8. P.E. : Par rapport à l’utilisation que vous faîtes des slogans, que faut-il y voir ? Ironie, perversion d’un système ou déclinaisons sincères des concepts qui structurent le projet Ikhéa ?
8. Le directeur : L’effort entrepris pour rendre un travail visible est si grand qu’il prend presque toute l’énergie d’un producteur. Ceci s’explique sans doute par la multitude de propositions qui font surface à chaque minute dans tous les pays du monde. Comment rendre visible une démarche, un travail, une méthode, des produits? D’autant que cette bataille pour la visibilité du travail rend toute concentration et repli sur soi quasiment impossibles. Il n’est pas inutile de repenser cette situation en incluant le concept de visibilité dans le produit lui-même. Voire de s’approprier la visibilité au point d’en faire un des principes du produit. Cette problématique peut provoquer des hasards heureux et modifier tout le contenu d’une production en l’ouvrant sur l’extérieur. Les slogans nous aident à dialoguer avec notre public. Ce sont des liens. Le souci de la visibilité est omniprésent dans la production Ikhéa [une chose peut-elle exister sans être visible ?] : le soulignage quasi systématique de nos créations par des phrases emblématiques sur les lieux d’exposition en est l’exemple le plus approprié. Il arrive même que certains de nos objets reposent en grande partie sur les mots. Ce statut hybride ne facilite souvent pas la compréhension et nous attire des critiques assez dures. Néanmoins un regard un peu plus approfondi sur notre manière d’utiliser les mots montre notre souci d’imiter, de parodier et de contrefaire les procédés de la télévision qui nous dit sans cesse ce que nous devons penser. Pour ma part, j’accorde au slogan un pouvoir. Il crée un face à face assez unique entre le producteur et le consommateur. Au demeurant, le slogan est une recette vieille comme le monde. Ce qui évolue, c’est l’utilisation qu’on en fait.

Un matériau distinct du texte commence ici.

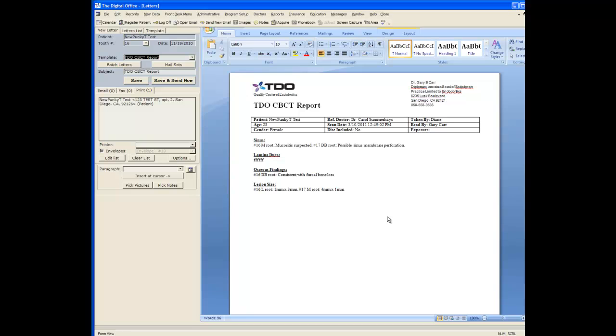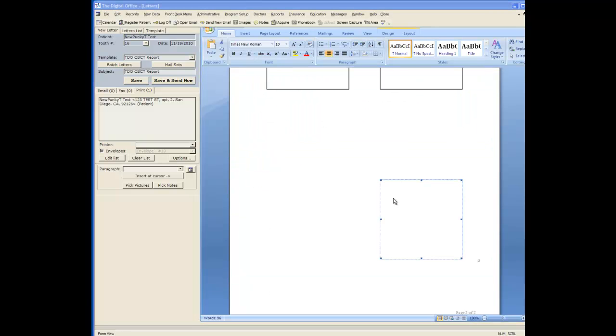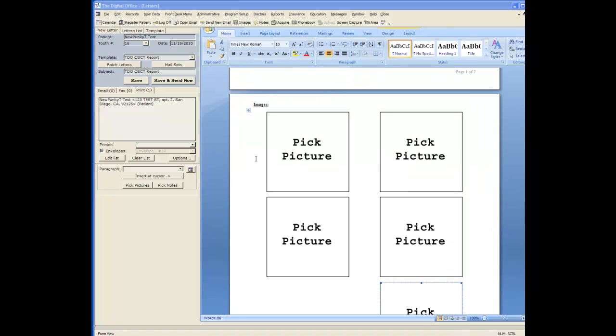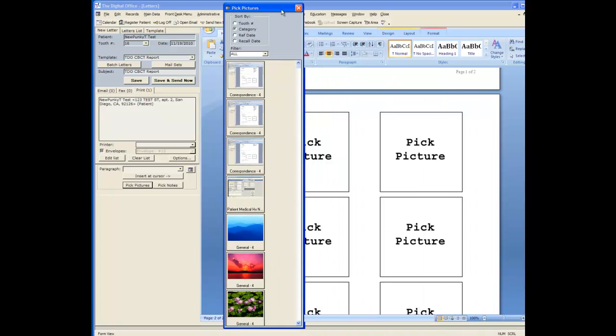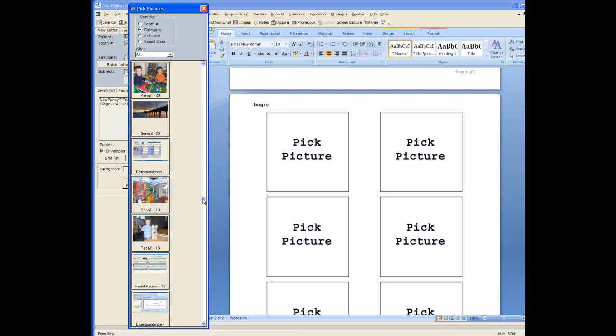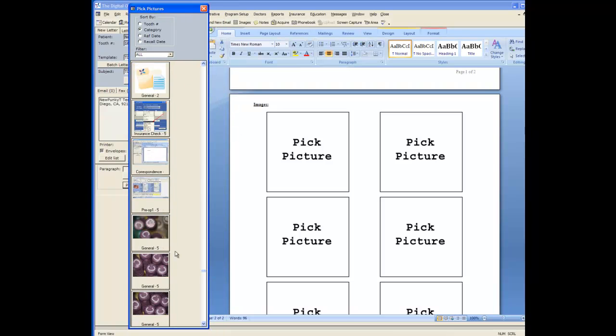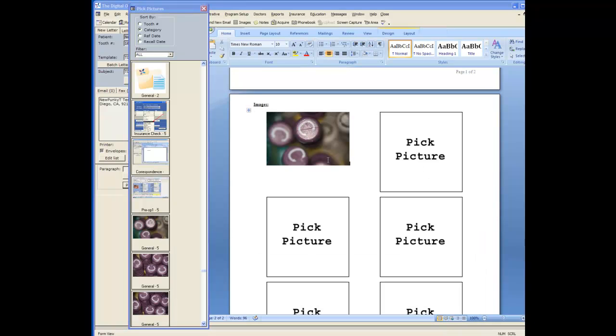On the second page of this report is a place for images. And to put these images on the easiest way is to click your pick pictures box. Your images will show up in this format. Scroll through to find the one that you're looking for and paste it into the box by clicking the box and then clicking the image.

9. P.E. : Faut-il conclure que le plus important pour Ikhéa est de faire connaître et reconnaître son existence et ses pratiques et d’orienter dès lors tous ses efforts vers la communication ? Parler et faire parler du projet Ikhéa devenant plus important que le projet Ikhéa lui-même ? N’est-ce pas une certaine forme d’appauvrissement ? Certains voient dans la tournure de plus en plus immatérielle que prennent certains modes de production une dérive plus qu’une issue. Que faut-il attendre, effectivement, d’une façon de construire de plus en plus tournée vers le vide ?
9. Le directeur : Ces gens confondent sans doute processus et vide. En présence d’un travail en cours de réalisation, laissé inachevé, ils pensent qu’on leur a caché ce qu’il y a de plus important à voir. Ils veulent se laisser surprendre par ce qu’ils connaissent déjà. Mais cette blague ne peut être répétée qu’un certain nombre de fois avant que l’ennui s’installe et vienne moisir le tout. Ikhéa se trouve du côté des utopies. Jusqu’à présent, nous n’avons pas trouvé de meilleur moyen pour contrer des méthodes de production entièrement soumises à l’idée du profit et parfois cyniques. Le cynisme tue ! Les utopies n’ont pas besoin de remplir de grands espaces vides pour être pertinentes. Une phrase suffit parfois à mettre en branle tout un système. Le nôtre, celui de la société dans laquelle nous vivons, qui par/grâce au principe de la concurrence rend banale toutes formes de violence, supportera difficilement qu’on lui tourne le dos. C’est pourtant sur ce point faible que doit compter toute personne qui désire communiquer un message plus personnel que celui qu’on lui propose et qui assume l’idée d’avoir à bouleverser une grande partie des repères qui lui ont été donnés. Cette personne à sa place dans Ikhéa. Mais je reconnais qu’il est très difficile d’être autonome et de se consacrer à la réalisation d’un travail qui ne rapportera pas immédiatement de résultats quand presque tout ce que nous vivons au quotidien se résume à lutter pour des positions et les avantages évidents qu’elles offrent. L’homme peut beaucoup. Néanmoins, la course pour les positions continue de prendre le pas sur les compétences, l’engagement personnel, l’imagination...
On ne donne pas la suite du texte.